This was bad, however. I couldn’t recall how much I had left from the visit to the ATM that morning, but it wouldn’t be much. We had nothing with us, no clothes, no charge cards. We could wind up sleeping in the car, and Steph didn’t look well enough for that. As we sat at the next set of traffic lights—me glancing in the mirror every two seconds, convinced someone would be creeping up behind, hiding in the run of traffic, waiting for the moment to strike—I realized my pocket was vibrating. I ignored it. I couldn’t think of anyone alive who I should talk to, anyone who wasn’t already in the same car as me. It stopped vibrating after a while. But then, thirty seconds later, came the sound of an SMS being delivered.
“Who’s that?”
“I don’t know,” I said, struggling the phone out of my jeans and passing it to her. “Who’s it say?”
She looked at it, and I felt the temperature in the car drop a couple of degrees. “What?”
She shook her head. “Sorry. I’m hardly in a position to be a bitch about it.”
“Steph, I’m driving. I can’t see the phone. I don’t know what you’re talking about.”
She handed it back to me. The screen said:
I’m at home. There’s weird stuff happening and I’m scared. Please call. Karren.
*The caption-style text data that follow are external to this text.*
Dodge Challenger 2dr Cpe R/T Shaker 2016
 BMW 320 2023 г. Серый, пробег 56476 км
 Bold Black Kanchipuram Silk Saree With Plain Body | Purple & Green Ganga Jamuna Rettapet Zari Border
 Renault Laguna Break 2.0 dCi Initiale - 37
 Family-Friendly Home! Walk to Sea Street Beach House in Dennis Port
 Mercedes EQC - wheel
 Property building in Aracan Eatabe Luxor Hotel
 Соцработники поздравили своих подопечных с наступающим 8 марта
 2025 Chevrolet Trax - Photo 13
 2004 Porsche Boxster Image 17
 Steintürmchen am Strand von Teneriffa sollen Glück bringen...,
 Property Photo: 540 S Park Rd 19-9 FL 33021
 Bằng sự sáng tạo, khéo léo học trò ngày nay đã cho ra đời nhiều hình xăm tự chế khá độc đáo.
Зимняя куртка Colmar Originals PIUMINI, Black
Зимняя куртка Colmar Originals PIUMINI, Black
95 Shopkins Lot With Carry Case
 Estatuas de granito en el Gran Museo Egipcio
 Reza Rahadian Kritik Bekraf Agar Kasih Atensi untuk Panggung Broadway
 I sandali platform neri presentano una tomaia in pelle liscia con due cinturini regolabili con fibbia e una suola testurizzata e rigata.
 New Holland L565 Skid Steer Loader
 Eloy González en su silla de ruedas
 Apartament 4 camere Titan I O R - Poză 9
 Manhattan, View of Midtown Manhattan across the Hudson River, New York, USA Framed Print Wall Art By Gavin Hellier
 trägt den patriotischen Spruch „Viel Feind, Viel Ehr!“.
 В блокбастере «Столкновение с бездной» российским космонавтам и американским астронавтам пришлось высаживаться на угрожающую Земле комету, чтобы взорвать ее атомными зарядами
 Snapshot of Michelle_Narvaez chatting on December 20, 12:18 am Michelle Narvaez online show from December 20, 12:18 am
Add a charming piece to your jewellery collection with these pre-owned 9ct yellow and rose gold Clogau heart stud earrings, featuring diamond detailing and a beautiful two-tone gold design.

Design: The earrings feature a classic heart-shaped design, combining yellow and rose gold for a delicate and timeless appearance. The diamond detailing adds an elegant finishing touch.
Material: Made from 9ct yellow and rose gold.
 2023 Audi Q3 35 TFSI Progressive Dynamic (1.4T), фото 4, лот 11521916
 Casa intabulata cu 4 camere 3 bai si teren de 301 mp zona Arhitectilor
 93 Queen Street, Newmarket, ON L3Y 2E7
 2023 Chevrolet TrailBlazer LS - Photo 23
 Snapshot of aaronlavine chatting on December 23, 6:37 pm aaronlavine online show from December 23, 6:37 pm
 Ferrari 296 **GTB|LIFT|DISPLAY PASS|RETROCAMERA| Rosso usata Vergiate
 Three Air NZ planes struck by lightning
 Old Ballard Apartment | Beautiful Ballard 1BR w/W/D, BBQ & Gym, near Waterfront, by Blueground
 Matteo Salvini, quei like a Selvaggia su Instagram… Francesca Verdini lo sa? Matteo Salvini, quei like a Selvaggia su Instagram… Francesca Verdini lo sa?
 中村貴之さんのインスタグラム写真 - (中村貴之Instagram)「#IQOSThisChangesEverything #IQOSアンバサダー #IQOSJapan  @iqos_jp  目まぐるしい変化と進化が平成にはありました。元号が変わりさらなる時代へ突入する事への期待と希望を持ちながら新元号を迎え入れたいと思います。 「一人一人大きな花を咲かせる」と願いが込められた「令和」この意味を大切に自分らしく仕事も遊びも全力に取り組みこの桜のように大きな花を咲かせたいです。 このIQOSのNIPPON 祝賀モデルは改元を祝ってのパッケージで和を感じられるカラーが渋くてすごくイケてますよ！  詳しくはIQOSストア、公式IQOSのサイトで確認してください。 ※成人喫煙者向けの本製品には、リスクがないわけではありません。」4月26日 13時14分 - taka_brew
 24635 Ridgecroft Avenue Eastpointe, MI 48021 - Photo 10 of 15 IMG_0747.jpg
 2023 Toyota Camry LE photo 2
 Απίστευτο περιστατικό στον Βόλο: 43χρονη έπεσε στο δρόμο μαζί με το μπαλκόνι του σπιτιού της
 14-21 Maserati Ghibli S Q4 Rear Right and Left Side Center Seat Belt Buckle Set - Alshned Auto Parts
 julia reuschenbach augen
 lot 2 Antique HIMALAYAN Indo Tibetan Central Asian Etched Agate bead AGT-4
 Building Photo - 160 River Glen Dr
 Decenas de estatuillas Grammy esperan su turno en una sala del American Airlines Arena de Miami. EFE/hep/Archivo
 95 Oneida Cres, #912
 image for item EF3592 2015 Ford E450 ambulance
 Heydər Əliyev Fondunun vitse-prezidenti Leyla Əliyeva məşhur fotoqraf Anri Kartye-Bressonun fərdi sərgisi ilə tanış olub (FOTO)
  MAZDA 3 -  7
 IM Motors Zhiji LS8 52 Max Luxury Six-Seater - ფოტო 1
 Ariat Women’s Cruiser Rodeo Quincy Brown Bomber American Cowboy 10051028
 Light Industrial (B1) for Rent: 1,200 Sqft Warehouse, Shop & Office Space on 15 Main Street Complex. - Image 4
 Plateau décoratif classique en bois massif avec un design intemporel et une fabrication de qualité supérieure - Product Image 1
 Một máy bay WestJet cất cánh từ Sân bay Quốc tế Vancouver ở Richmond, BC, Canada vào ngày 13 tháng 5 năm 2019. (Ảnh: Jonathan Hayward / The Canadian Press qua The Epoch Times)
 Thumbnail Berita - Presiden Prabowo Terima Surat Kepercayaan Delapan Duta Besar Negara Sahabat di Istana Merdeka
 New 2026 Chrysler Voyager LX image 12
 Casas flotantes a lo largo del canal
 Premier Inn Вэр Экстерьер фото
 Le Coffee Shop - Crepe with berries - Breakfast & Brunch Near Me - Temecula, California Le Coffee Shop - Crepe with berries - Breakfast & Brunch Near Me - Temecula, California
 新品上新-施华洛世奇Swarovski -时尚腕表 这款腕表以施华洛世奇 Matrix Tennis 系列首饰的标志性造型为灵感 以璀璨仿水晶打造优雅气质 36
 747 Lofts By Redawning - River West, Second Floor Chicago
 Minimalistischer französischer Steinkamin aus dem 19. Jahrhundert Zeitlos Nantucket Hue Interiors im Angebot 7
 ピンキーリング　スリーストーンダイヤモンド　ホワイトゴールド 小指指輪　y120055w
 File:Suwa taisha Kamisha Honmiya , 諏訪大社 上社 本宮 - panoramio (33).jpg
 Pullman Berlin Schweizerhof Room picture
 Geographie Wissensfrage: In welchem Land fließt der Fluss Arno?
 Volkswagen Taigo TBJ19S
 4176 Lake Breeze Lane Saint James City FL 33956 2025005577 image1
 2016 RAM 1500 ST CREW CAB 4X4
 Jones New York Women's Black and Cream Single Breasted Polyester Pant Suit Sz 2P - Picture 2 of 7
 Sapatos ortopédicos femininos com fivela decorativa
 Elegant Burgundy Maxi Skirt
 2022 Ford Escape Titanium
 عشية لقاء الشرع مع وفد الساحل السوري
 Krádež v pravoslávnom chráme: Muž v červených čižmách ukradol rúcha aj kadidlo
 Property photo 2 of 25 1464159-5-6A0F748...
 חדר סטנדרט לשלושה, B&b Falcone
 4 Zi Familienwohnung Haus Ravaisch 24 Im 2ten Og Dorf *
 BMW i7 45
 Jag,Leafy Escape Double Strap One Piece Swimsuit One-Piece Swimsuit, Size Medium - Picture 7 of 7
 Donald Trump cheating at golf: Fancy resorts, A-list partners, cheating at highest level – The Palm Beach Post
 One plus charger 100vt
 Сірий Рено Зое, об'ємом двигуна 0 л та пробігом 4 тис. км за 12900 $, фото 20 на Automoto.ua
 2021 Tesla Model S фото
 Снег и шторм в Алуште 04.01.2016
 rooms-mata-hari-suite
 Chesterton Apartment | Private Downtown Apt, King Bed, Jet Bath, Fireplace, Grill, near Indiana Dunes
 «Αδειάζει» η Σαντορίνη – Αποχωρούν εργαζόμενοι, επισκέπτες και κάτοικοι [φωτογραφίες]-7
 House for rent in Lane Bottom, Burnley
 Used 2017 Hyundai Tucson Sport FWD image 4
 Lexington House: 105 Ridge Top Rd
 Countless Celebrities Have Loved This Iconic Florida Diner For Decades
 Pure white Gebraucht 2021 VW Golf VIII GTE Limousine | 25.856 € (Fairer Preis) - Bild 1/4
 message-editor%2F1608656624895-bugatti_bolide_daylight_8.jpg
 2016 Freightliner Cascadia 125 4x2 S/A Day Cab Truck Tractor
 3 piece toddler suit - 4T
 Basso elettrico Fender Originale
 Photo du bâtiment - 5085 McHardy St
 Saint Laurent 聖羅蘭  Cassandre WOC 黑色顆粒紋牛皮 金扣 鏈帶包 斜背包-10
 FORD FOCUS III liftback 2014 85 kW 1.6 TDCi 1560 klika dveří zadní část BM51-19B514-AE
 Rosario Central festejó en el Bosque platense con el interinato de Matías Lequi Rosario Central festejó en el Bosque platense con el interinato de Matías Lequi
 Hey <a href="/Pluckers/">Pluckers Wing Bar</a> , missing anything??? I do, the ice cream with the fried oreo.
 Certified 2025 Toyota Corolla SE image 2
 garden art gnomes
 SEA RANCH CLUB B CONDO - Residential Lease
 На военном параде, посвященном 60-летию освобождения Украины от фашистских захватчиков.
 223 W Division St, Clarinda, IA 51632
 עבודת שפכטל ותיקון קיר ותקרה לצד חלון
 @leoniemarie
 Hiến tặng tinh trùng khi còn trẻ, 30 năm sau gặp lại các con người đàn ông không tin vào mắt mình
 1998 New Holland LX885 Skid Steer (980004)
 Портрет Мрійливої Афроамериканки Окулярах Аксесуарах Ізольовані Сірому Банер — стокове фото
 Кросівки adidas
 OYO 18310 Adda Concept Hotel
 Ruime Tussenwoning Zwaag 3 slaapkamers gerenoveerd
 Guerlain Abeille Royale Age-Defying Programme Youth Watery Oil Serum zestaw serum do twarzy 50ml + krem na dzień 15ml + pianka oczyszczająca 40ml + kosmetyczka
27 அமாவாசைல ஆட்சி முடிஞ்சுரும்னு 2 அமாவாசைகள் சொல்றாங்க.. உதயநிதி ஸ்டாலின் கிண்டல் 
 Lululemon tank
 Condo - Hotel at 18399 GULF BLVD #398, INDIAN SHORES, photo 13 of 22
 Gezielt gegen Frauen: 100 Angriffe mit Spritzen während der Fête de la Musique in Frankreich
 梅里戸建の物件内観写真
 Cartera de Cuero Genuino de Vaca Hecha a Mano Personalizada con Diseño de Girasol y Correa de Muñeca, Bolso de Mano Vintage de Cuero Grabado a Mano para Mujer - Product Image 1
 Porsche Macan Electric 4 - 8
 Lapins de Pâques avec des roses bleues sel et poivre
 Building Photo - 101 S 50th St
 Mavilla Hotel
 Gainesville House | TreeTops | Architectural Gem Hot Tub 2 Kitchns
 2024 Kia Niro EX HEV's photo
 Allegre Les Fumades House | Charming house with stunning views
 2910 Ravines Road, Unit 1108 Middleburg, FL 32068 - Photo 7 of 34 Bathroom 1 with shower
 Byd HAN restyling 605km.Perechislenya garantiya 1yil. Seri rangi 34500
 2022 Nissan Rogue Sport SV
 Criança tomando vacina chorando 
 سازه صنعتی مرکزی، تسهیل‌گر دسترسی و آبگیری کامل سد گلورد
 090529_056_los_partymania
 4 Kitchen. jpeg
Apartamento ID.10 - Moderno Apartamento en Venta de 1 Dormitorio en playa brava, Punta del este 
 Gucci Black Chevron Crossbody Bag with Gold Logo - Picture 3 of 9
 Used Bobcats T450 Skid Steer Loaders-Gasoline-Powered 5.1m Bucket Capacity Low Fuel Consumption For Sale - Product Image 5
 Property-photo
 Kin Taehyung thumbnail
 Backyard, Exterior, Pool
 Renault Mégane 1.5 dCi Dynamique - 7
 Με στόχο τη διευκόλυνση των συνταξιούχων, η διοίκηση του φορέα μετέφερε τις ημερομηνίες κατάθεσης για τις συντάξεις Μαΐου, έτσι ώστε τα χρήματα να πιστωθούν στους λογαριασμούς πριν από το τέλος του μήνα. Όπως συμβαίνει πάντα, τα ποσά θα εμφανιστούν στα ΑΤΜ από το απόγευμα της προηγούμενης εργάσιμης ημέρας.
I did a U-turn that nearly got us killed.
CHAPTER FORTY-NINE
“It’s just about us now,” she says.
Hunter isn’t sure that’s ever going to be true, but he happily follows her out across the crabgrass. He’s not sure life ever just lets people be alone. It’s always on your case. Life is a dog that needs human attention at any cost and will worry at you until you give it some.
After a moment he notices that what they’re walking on isn’t grass after all, though, which surprises him—he’s pretty sure he sat here in his car only yesterday and saw how much this place of theirs had been changed. Tonight this couple acres of the key seems to have reverted to scrub, however; tilting palm trees, straggly grass over sandy paths, a little swampy in parts.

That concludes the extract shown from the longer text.